歆抬頭看了一眼陳澤易遲疑了一下說到:“可是他們現在處於下風。”
“我的朋友沒那麼容易倒下的,相信他們!”陳澤易拍了拍歆的肩膀輕聲道。
“是!”歆答了一句便消失不見。
...
幾天後在陳澤易的要求下,他被放出了醫院,而明天就是學校的期末考試。
回到家的時候,他父親並不在家,應該還在看守所,風玲也收到了警方的通知,現在也放心了。吃過晚飯之後風玲非要拉著陳澤易去附近的公園散步,本來還想趁著今天晚上找到適合這裏的修煉功法的陳澤易開始是百般不願,隻是最後還是敗在了風玲的攻勢之下,陳澤易不禁感歎:“女人是個神奇的生物,特別是和自己有關係的,總有辦法讓自己臣服!”
昏黃的燈光下,一男一女挽著手走在那條鵝卵石的路上,燈下的飛蟲仿佛都在模仿飛蛾撲火,前仆後繼的飛向那盞孤寂的吊燈,正值夏季的夜晚,還是蚊子開啟盛宴的大好時光。
那一男一女,高的是男生,矮一點的是女人,頭發略顯花白,兩人隨意的聊著,但沒有一隻蟲子可以靠近他們,不是因為他們噴了什麼防蟲的噴霧,如若仔細看去,那些蟲子根本就是無視了他們。這是一種境界,修道的境界,自身融於天地之間,仿佛渺小至極,就像一粒砂礫融於沙漠,一滴水珠融於大海,一切都是那麼自然微不足道,卻又理所當然。
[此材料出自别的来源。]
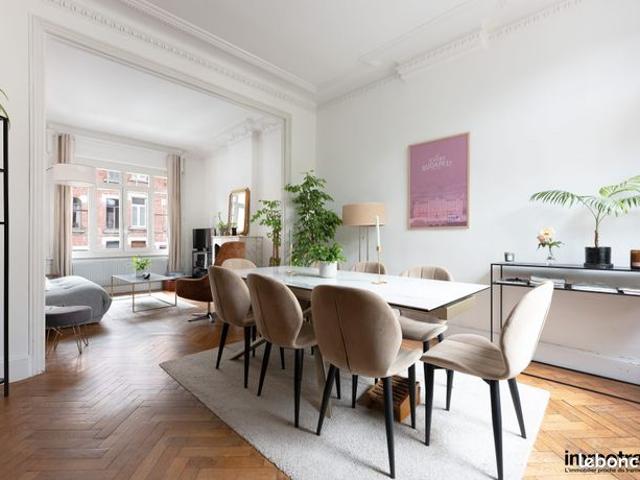 Maison 5 pièces 120 m²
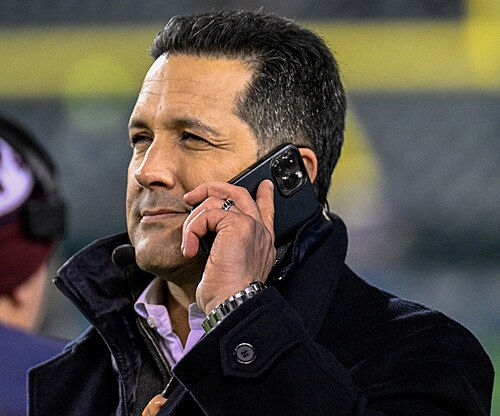 Adam Schefter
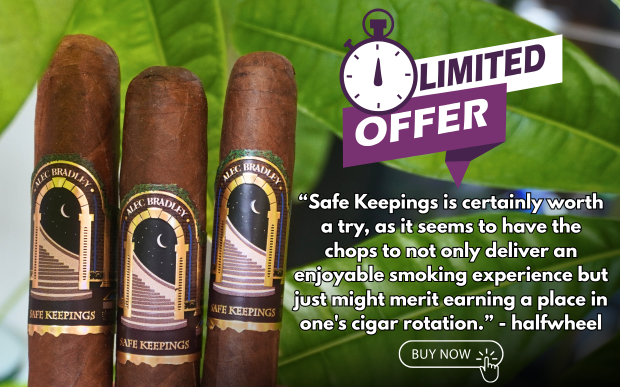 AB Safe Keepings
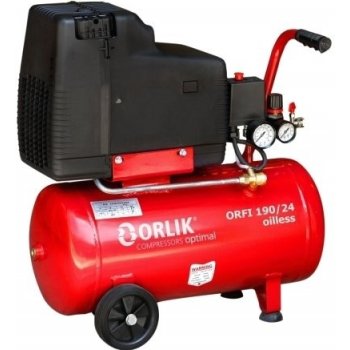 Orlík ORFI 240/24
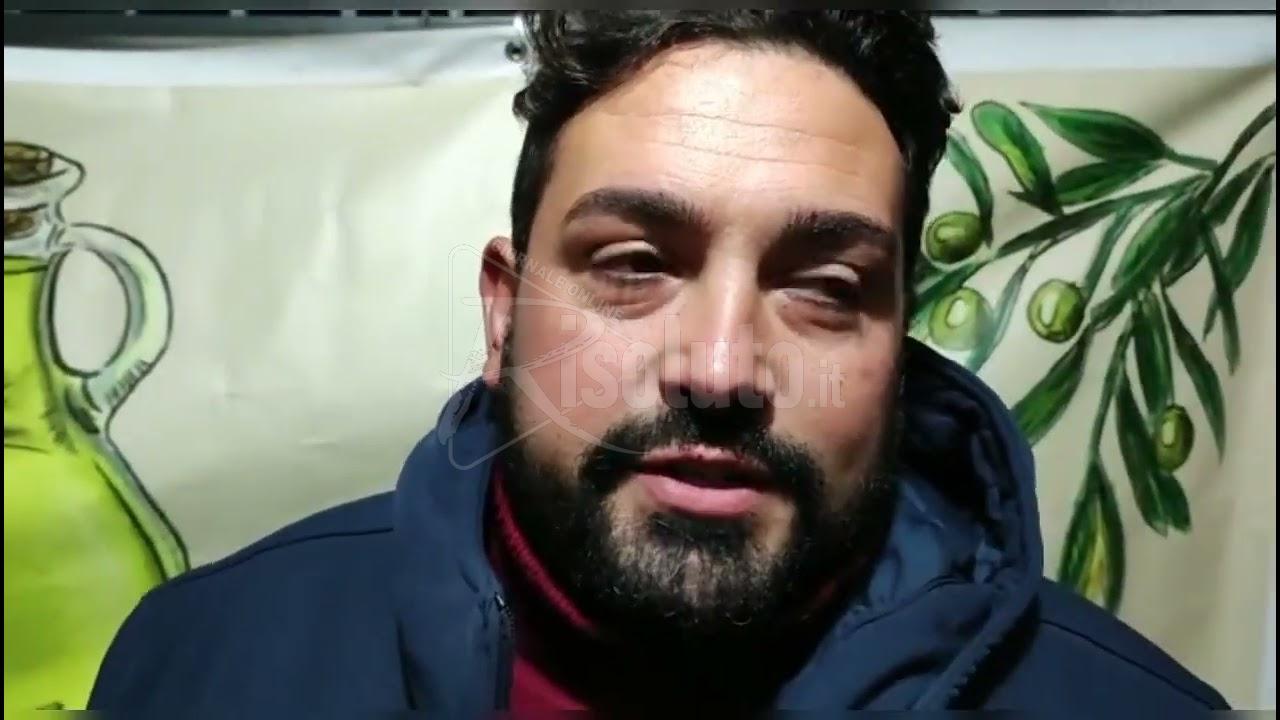 Sesta edizione di "Olio Folk Fest", valorizzazione dell'olio di Caltabellotta (Video)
無需刻意避免,即使站在別人旁邊,也不會令人察覺,這是才是真正的強者,鶴立雞群隻是弱者的行為罷了。
“小易,明天就要期末考試了,好好努力,以學業為主,千萬別像你爸那樣遊手好閑!”風玲側目看著陳澤易那張柔美的側臉低聲說到。
“媽,你放心,我不會讓您失望的!”陳澤易側目入眼的便是那頭花白的發絲,心裏不禁蕩出陣陣漣漪,他不是什麼好人,但從來都是知恩圖報的。在這天地之間,他唯獨看重朋友和親人,他並不害怕孤獨,但他討厭那種眾叛親離的感覺。
“對了,媽,其實爸他並不是表象那樣的人對吧?”
陳澤易忽然的提問讓風玲有點詫異,按照以前來說,這孩子對他爸那從來都是閉口不提的,今天有點反常啊,風玲駐足看著陳澤易心裏有點複雜,是不是他知道什麼了?
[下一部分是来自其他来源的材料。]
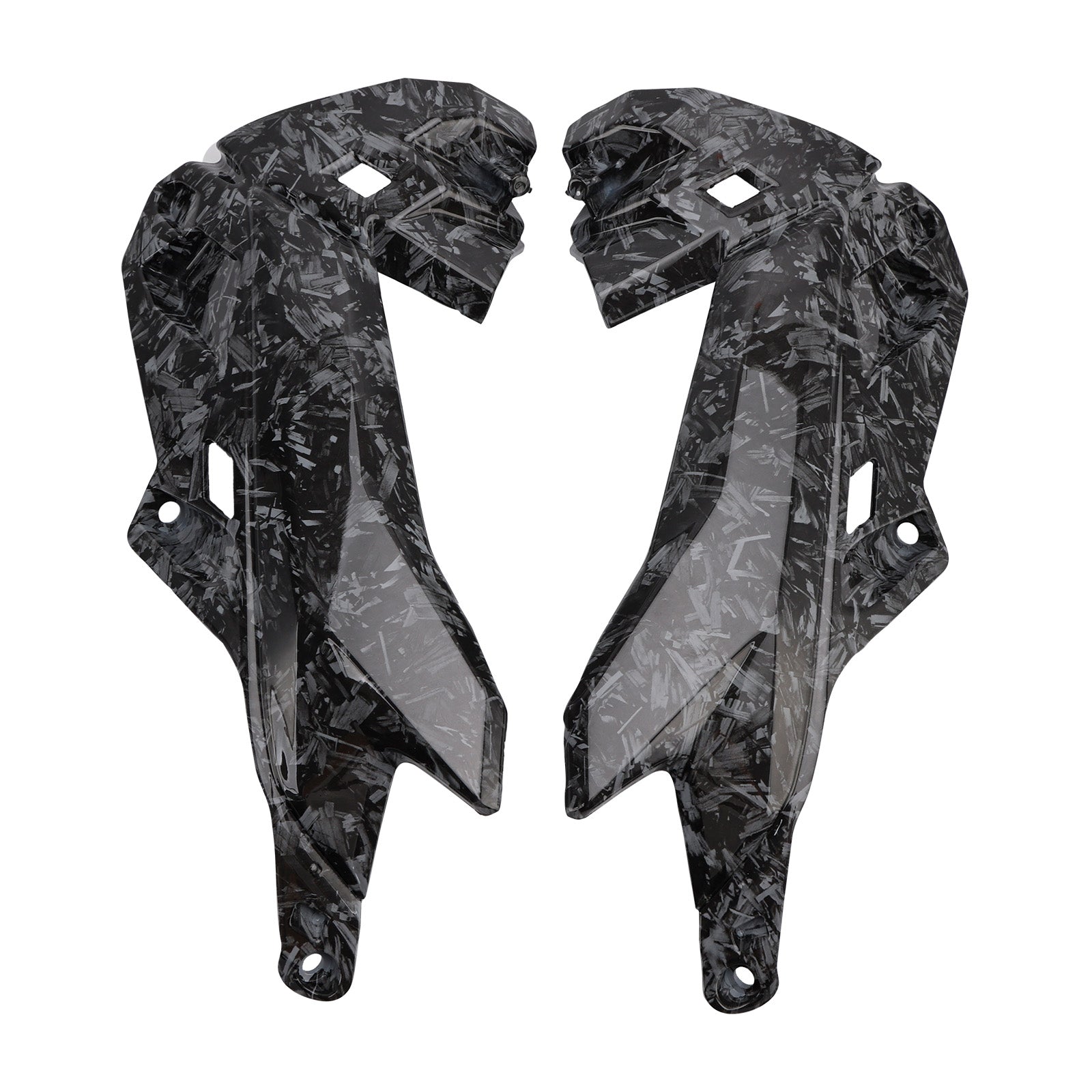 Carenatura laterale faro per Honda ADV 350 (2022-2025)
“不然你怎麼會看上他那樣的人?”陳澤易見風玲不說話便接著說到,“難到就單純因為他長得帥?我想媽你不是那種膚淺的人!”
“其實,他是個很好的人!”憋了半天風玲也隻能說出這麼一句話來,她實在不知道該從和說起,那個男人就像風一樣,隨心所欲,但也有像頂天柱的時候。她也說不清是什麼時候那個男人的一顰一笑都能牽動她的心了!
“我知道!”陳澤易點了點頭,看著風玲提起陳國強時的表情,他就能猜到這個男人在她心裏的分量。
“回家吧,好好休息,明天還要去學校!”
“恩好。”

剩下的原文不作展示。